------ Data shown
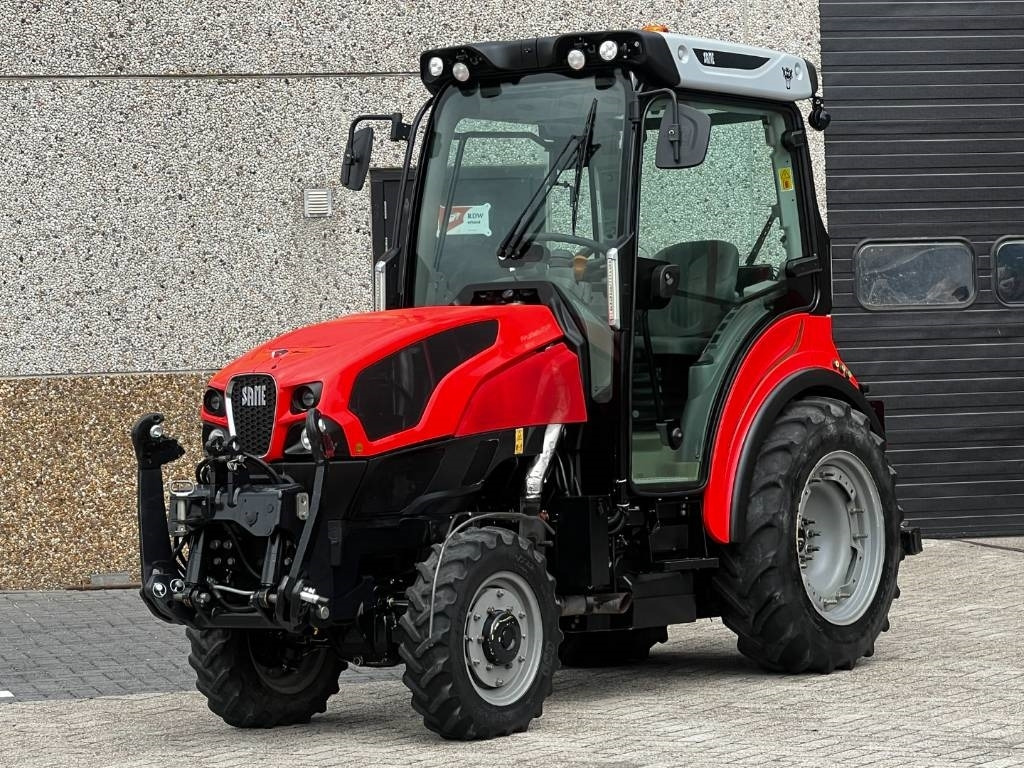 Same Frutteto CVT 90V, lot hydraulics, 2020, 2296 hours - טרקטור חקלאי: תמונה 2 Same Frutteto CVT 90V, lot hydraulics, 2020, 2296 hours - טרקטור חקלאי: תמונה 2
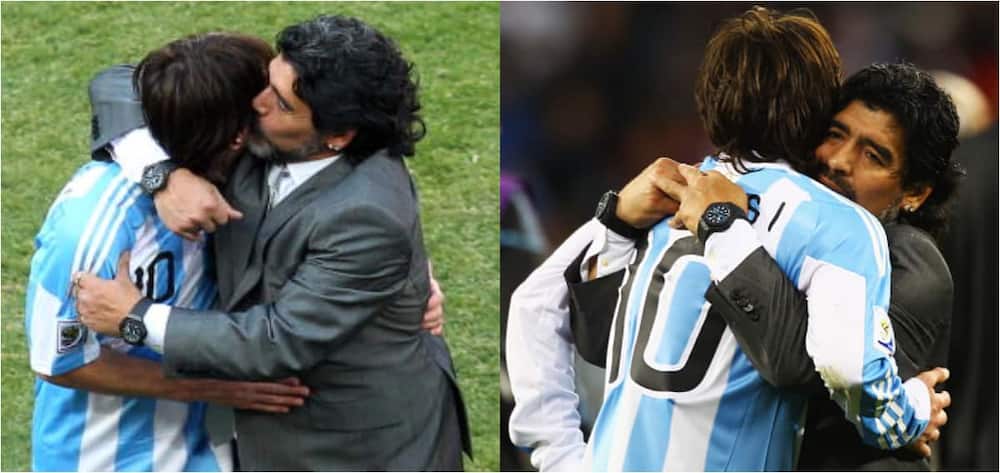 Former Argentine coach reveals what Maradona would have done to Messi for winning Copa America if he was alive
------------
------ Data shown
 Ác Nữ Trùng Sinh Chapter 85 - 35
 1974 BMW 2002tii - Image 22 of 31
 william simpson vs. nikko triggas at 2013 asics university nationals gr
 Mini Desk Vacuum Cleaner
------------
Every line above in the stretch from the one with "תמונה 2 Same" through the one with "Former Argentine coach" is to be transcribed exactly, ends included. No picture is copied.

### The completed task
 Same Frutteto CVT 90V, lot hydraulics, 2020, 2296 hours - טרקטור חקלאי: תמונה 2 Same Frutteto CVT 90V, lot hydraulics, 2020, 2296 hours - טרקטור חקלאי: תמונה 2
 Former Argentine coach reveals what Maradona would have done to Messi for winning Copa America if he was alive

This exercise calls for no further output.